The initial locations of all seven performers are designated by cards with Roman numerals placed on the floor. The paths to be followed from the corners are indicated in two ways. First, they are represented as lines on the three pages of the graphic score, one for each movement. Those pages were projected on the wall of the CMC auditorium in such a way that all the players could see them. When the paths got more elaborate in the later movements, they were also designated by cards on the floor, this time bearing the first six “Fortunate numbers,” integers derived from prime numbers by a rather idiosyncratic method invented by Reo Fortune (the reason for the second word in the composition’s title).
The cards for last night’s performance with both Roman numerals and Fortunate numbers (from the “Roman Numerals and Fortunate Numbers” Web page on Springhorn’s blog)
This was a night when I found it advantageous to take one of the few seats available in the auditorium’s rather modest balcony. I had no trouble aligning the movements of the performers with the maps projected on the wall. However, as Duff observed, performance was not so much about who was going where as it was about who encountered whom over those course of those movements. Whenever two players met along one of the paths, their individual improvisations would merge into duo improvisations. As a result, the impact of the listening experience had less to do with the inventions of any individual as with the ways those inventions would accommodate player-to-player interactions.

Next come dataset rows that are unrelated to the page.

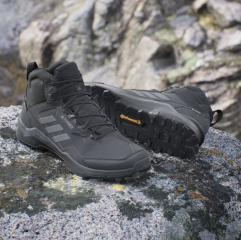 What shoes does your 14/15yesr old Ds wear in the winter?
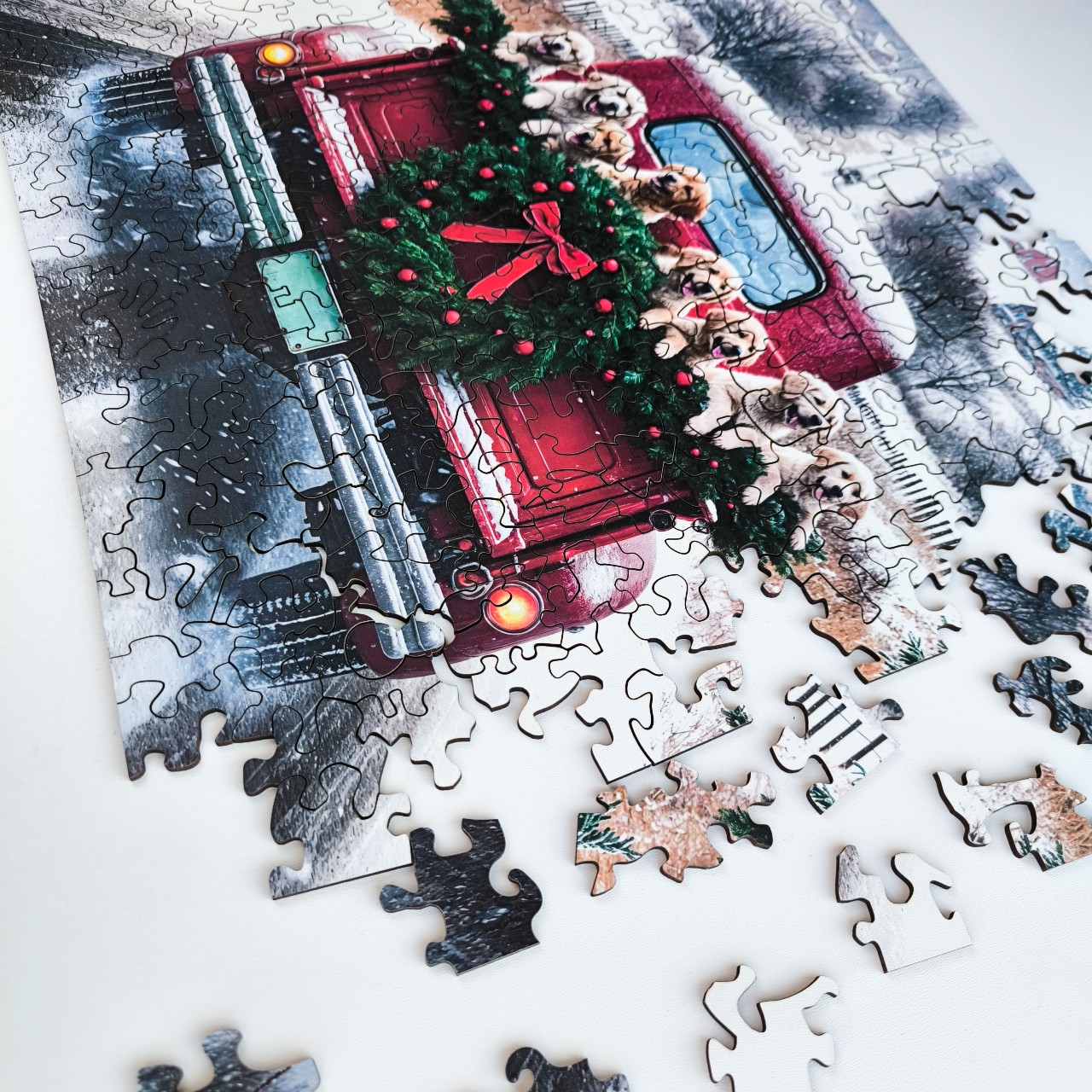 milliwood-christmas-truck-mit-labradoren-holzpuzzle-250-teile image 2
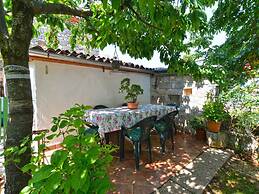 Welcoming Apartment With Garden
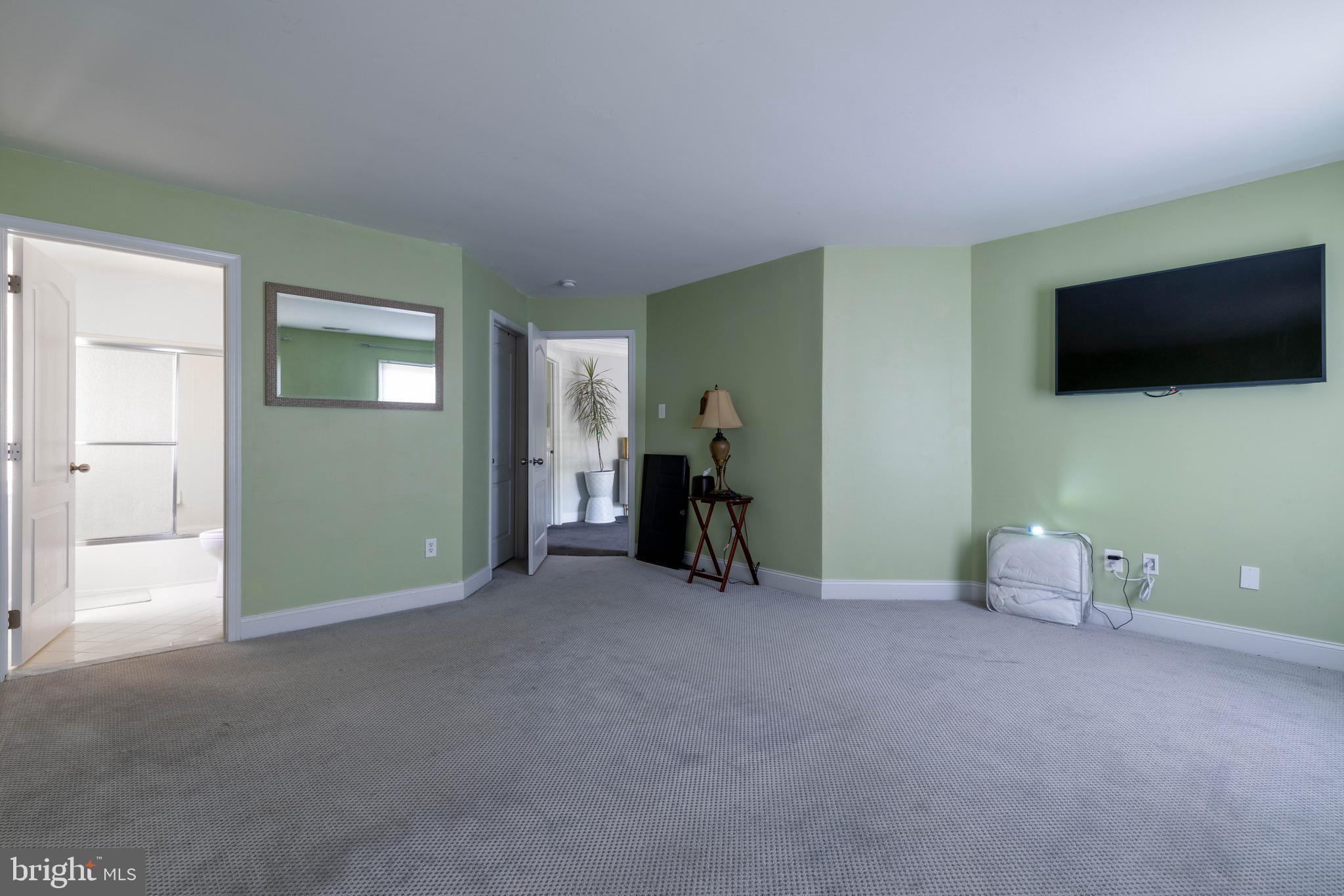 RIVERCREST - Residential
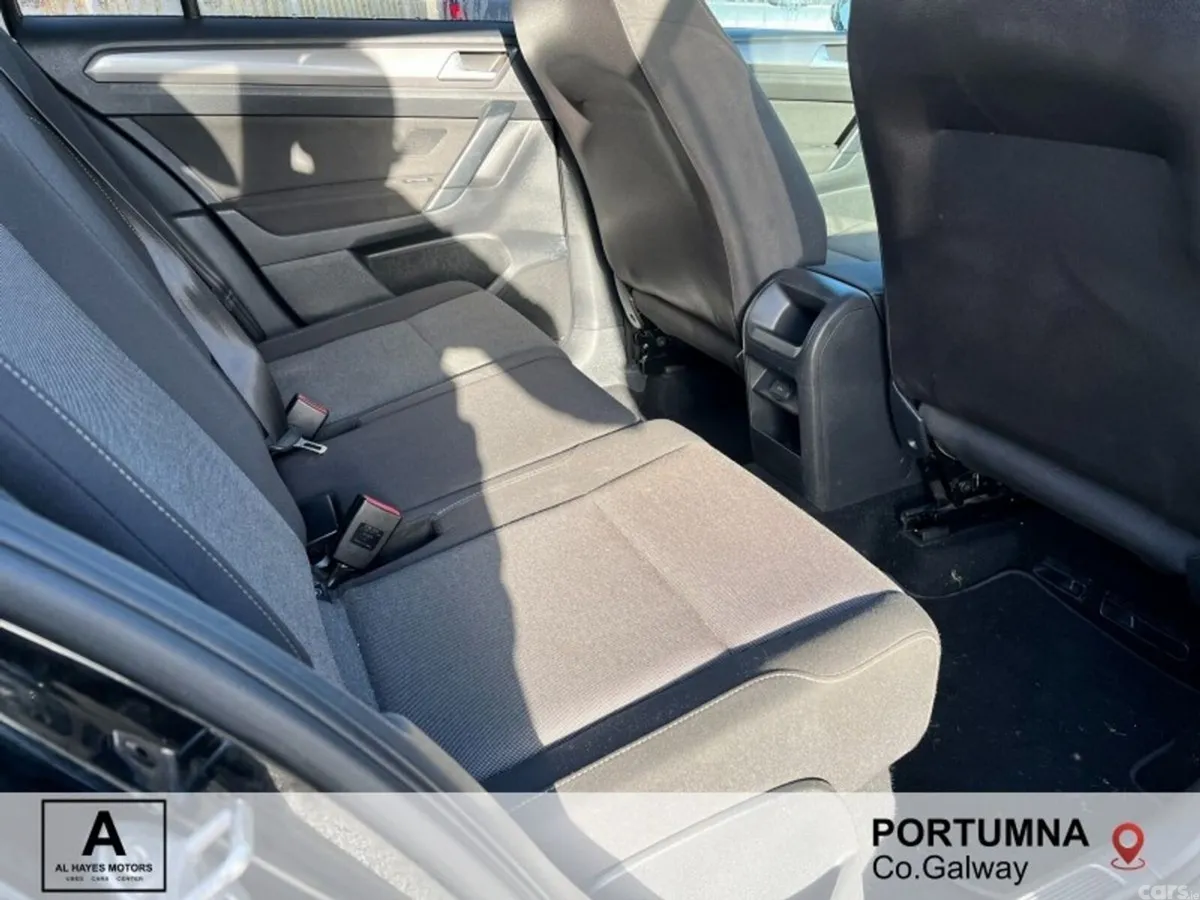 Volkswagen Golf Hatchback, Petrol, 2016, Black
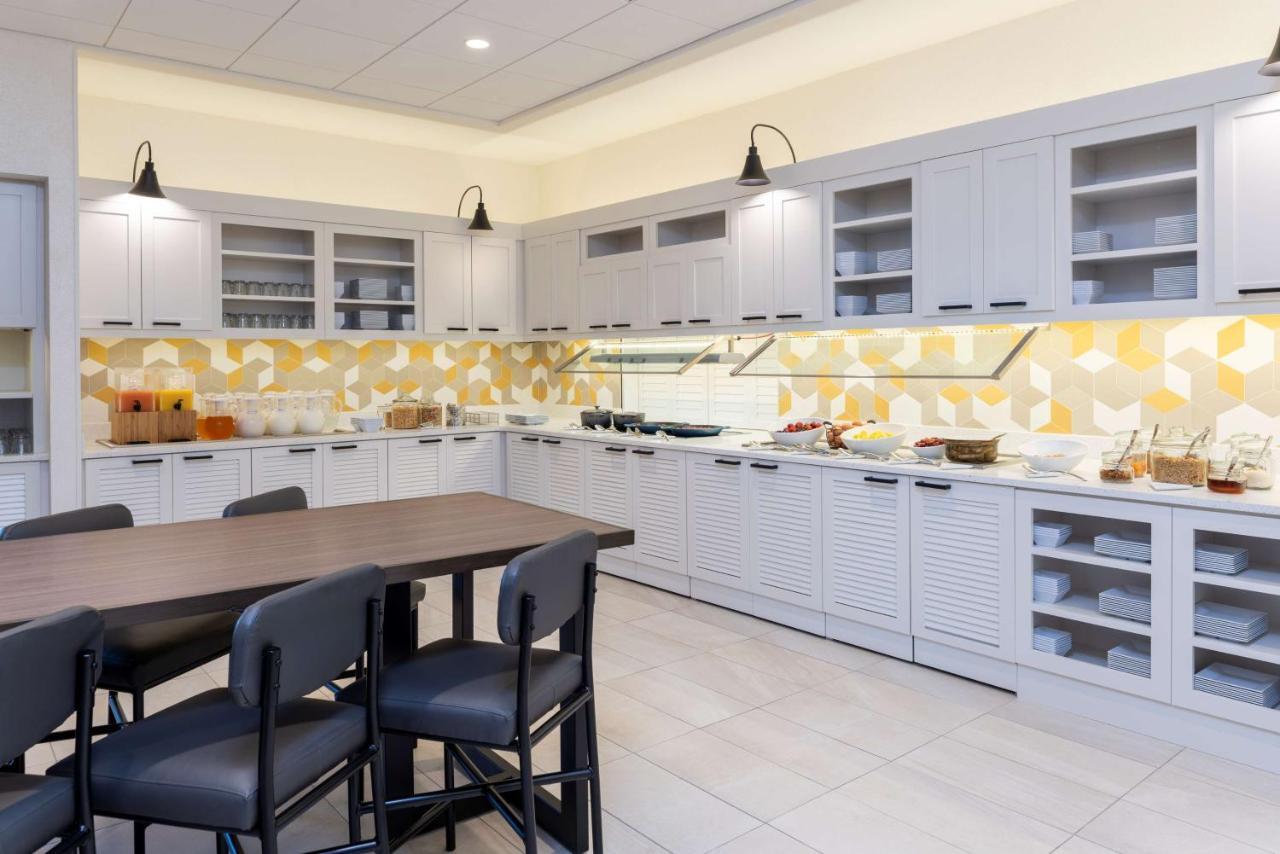 Hyatt Place Flint/Grand Blanc Экстерьер фото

Thus, what seemed to matter the most (at least from my own point of view) was how Springhorn found a sweet spot between solo and duo improvisation. That significance of encounter, along with the playful spirit behind the overall plan, made “Tomography Fortunae” a pleasantly engaging perspective on acts of improvisation. It emerged as one of the more effective realizations of what John Cage liked to call his “sunny disposition.”